A single ant has a certain amount of hydrophobicity, that is, the ability to repel water. This quality is intensified when they bond with each other, weaving their bodies together like a waterproof fabric. The ants collect any eggs, emerge through their tunnels into the nest, and as the flood waters rise, clamp each other’s bodies together with their mandibles and claws until a flat, raft-like structure forms. Each ant behaves like an individual particle in a material—say, grains of sand in a pile of sand. Ants can accomplish this in less than 100 seconds. What’s more, the ant raft is “self-healing”: it’s sturdy enough that if it loses an ant here and there, the overall structure can remain stable and intact, even for months at a time.
Advertising
In 2019, Ko and colleagues reported that fire ants could actively sense changes in the forces acting on their floating raft. The ants recognized different fluid flow conditions and can adjust their behavior accordingly to maintain the stability of the raft. A paddle moving through river water will create a series of swirling eddies (known as eddies), causing the ants’ rafts to spin. These eddies can also exert additional forces on the raft, sufficient to break it up. The changes in both the centrifugal and shear forces acting on the raft are very small—perhaps 2 percent to 3 percent of the force of normal gravity. Yet somehow, ants can sense these small changes with their bodies.
Earlier this year, researchers at the University of Colorado, Boulder, identified a few simple rules that appear to govern how floating ant rafts contract and expand in shape over time. As we reported at the time, structures were sometimes compressed into dense ant circles. At other times, the ants began to deflate to form bridge-like extensions (pseudopods), sometimes using the extensions to escape the containers.
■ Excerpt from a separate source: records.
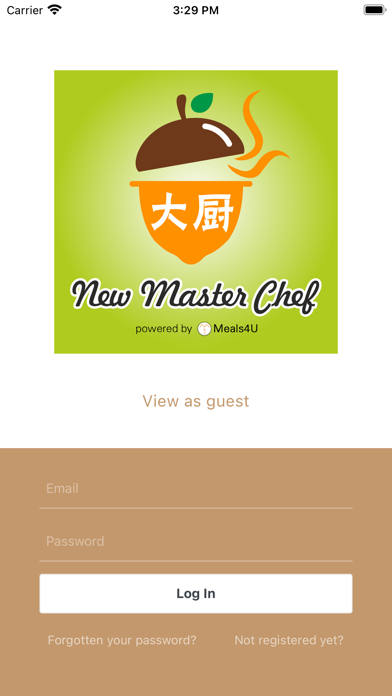 New Master Chef Screenshot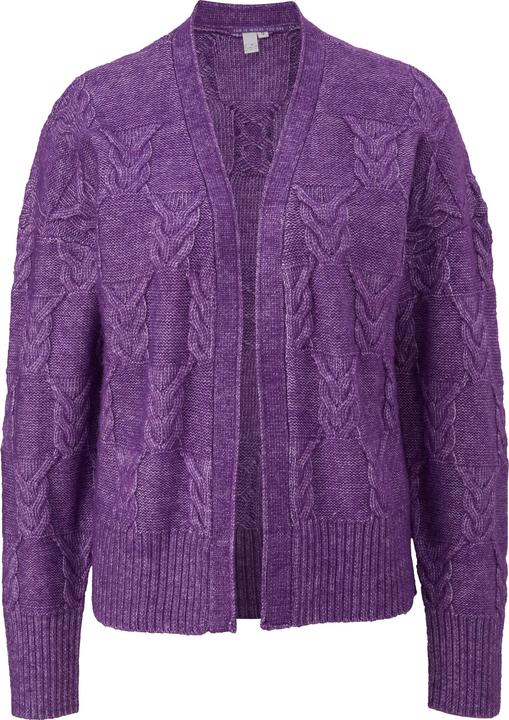 Actual product image s.Oliver Strickjacke Strickjacke aus Wollmix (S)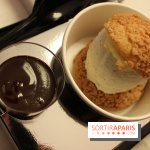 Profiteroles Chérie, Ma Chérie vanille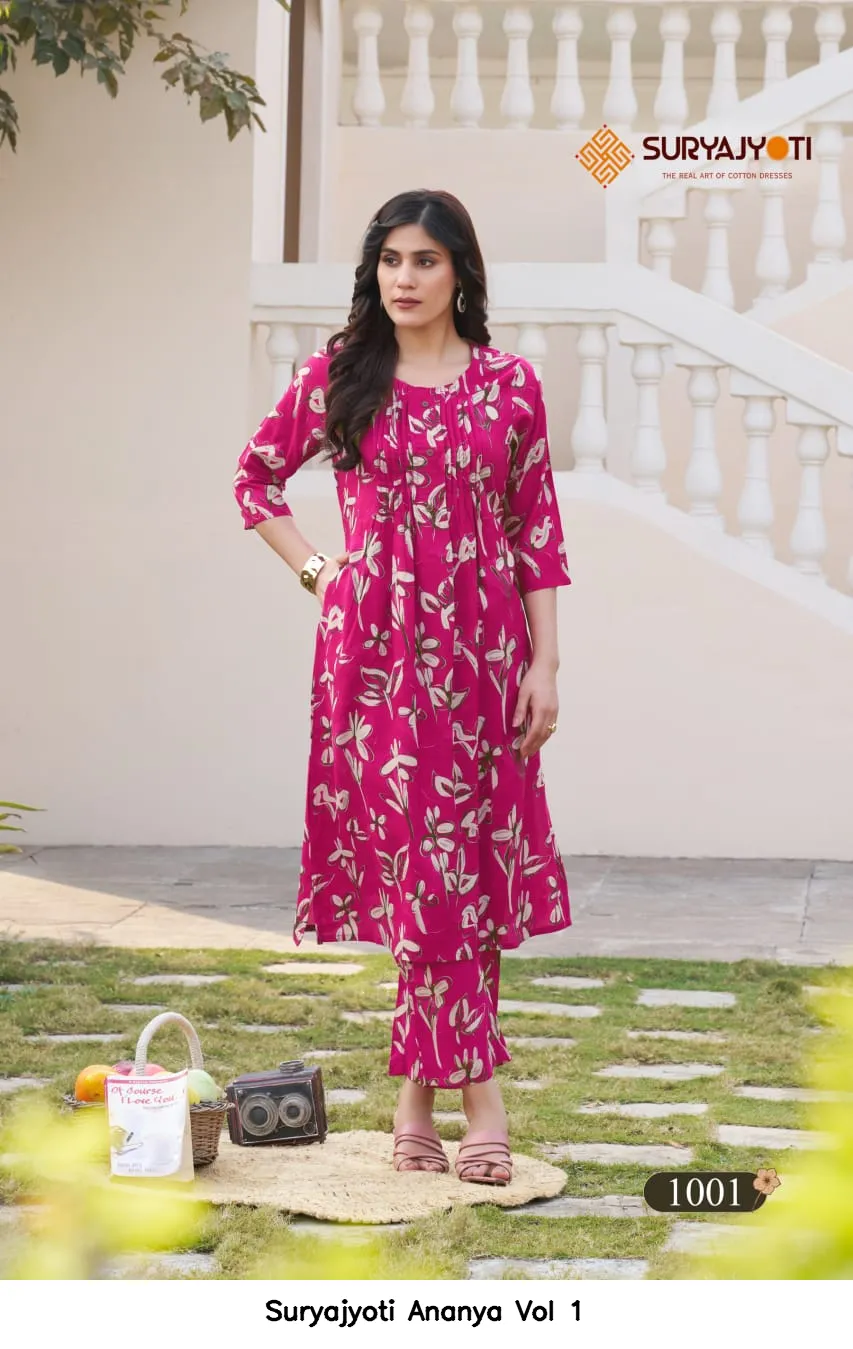 Suryajyoti Ananya Vol 1 — Co Ord Sets wholesale, Suryajyoti wholesale from Surat - Gallery Image 4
How did the ants achieve these changes? Rafts essentially consist of two distinct layers. The ants in the bottom layer serve a structural purpose, forming the stable base of the raft. But the ants in the upper layer move freely over the connected bodies of their brethren in the lower layer. Sometimes the ants move from the bottom to the top layer or from the top to the bottom layer in a circle that looks like a donut-shaped corridor.
The B&B study by Ko et al. somewhat related in focus, except that the Boulder study examined broad collective dynamics rather than interactions between individual ants. “There are thousands and thousands of ants in nature, but nobody really knows how a pair of ants would interact with each other and how that affects the stability of the raft,” Ko told Ars.
With such large rafts, repeatability can be an issue. Ko wanted to gain a little more control over his experiments and also study how the ants adapted to different flow scenarios in the water. He found that the ants use an active streamlining strategy, changing the shape of the raft to reduce drag. “So maybe it takes less force or less metabolic cost to hold on to vegetation than if it stuck with the original larger pancake shape,” Ko said.